Pictures are to be dropped, and only the lines from the one containing "Image, graphical abstract" through the end of the data below are to be reproduced as written.

=== Section Start ===

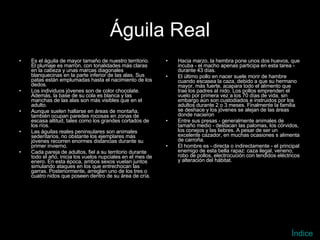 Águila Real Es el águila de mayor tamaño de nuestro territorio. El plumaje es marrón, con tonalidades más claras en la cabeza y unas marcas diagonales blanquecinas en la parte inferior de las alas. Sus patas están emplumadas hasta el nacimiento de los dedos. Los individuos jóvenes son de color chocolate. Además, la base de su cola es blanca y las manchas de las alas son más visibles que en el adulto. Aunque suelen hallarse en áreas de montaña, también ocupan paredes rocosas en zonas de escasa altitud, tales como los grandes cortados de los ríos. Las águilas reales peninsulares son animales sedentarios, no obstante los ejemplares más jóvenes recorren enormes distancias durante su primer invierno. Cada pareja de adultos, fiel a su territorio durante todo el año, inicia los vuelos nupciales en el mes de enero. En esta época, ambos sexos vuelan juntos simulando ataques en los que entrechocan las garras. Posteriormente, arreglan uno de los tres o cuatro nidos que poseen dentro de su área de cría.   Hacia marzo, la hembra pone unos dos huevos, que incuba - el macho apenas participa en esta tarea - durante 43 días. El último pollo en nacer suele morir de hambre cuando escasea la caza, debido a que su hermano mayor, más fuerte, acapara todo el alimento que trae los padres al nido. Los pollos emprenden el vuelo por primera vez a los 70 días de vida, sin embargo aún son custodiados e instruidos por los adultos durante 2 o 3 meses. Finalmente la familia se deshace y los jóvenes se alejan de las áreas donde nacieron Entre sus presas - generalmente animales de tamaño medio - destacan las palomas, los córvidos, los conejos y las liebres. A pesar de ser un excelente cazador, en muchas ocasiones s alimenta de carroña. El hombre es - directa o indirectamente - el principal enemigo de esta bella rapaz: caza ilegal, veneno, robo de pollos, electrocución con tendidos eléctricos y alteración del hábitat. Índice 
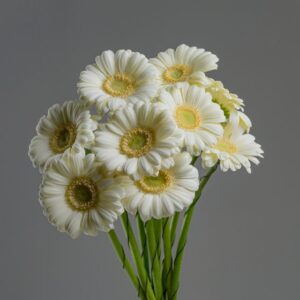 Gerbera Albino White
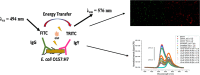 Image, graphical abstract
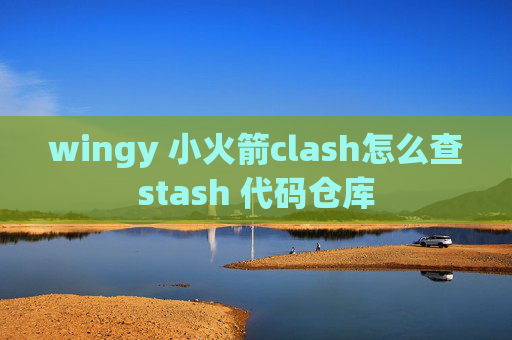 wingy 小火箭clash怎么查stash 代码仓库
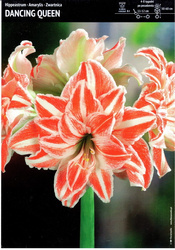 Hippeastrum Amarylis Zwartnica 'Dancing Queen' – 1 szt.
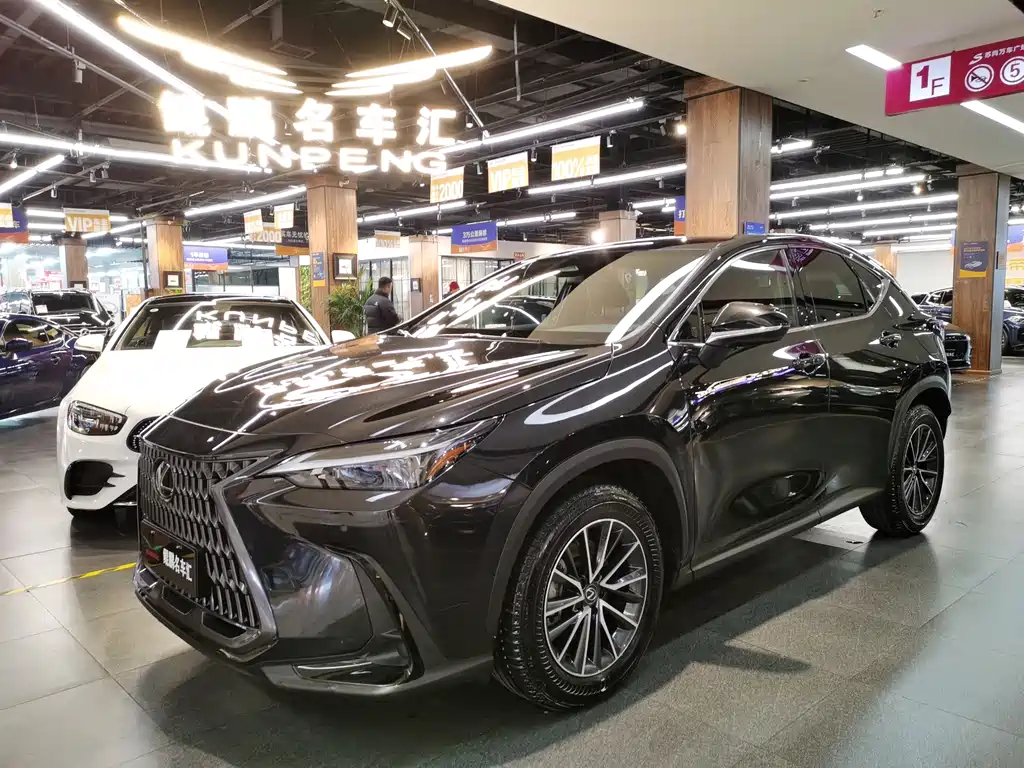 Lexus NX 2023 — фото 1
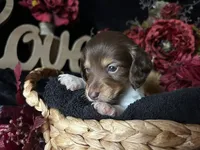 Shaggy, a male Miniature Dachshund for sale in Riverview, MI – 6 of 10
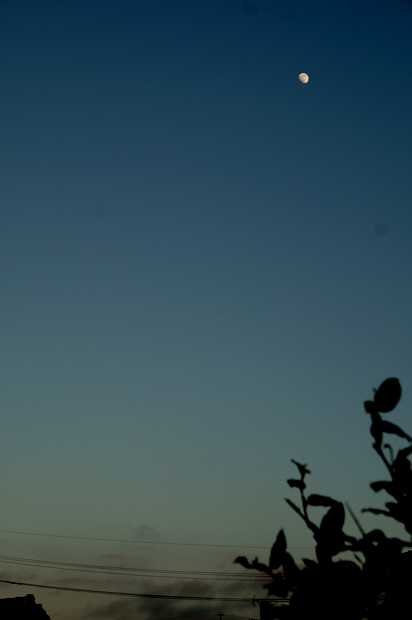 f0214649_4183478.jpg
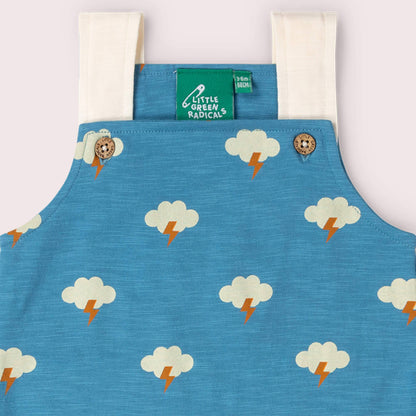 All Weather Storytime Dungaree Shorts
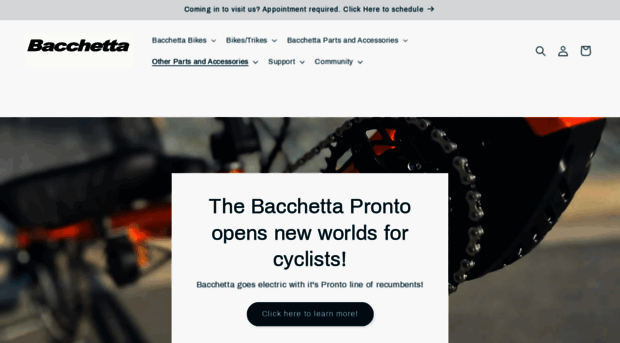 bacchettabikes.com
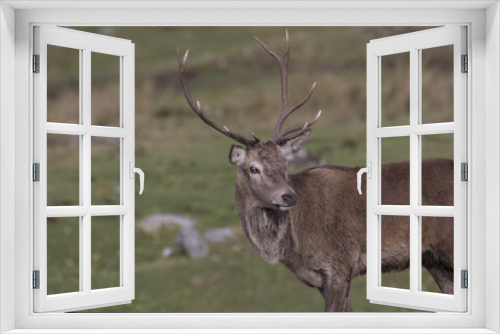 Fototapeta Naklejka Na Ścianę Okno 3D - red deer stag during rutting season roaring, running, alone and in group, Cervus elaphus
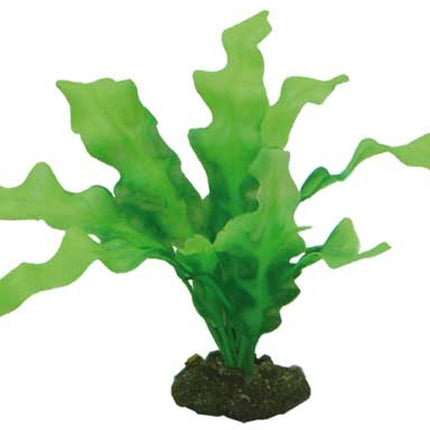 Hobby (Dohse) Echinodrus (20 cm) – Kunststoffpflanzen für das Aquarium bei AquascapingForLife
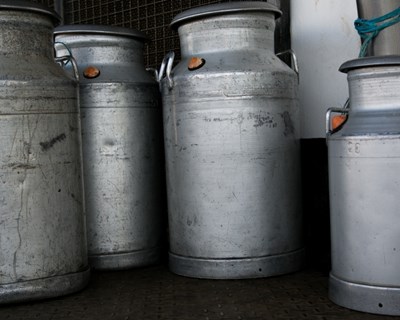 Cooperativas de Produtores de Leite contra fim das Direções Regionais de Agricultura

=== Section End ===

OUTPUT BELOW:
 Image, graphical abstract
 wingy 小火箭clash怎么查stash 代码仓库
 Hippeastrum Amarylis Zwartnica 'Dancing Queen' – 1 szt.
 Lexus NX 2023 — фото 1
 Shaggy, a male Miniature Dachshund for sale in Riverview, MI – 6 of 10
 f0214649_4183478.jpg
 All Weather Storytime Dungaree Shorts
 bacchettabikes.com
 Fototapeta Naklejka Na Ścianę Okno 3D - red deer stag during rutting season roaring, running, alone and in group, Cervus elaphus
 Hobby (Dohse) Echinodrus (20 cm) – Kunststoffpflanzen für das Aquarium bei AquascapingForLife
 Cooperativas de Produtores de Leite contra fim das Direções Regionais de Agricultura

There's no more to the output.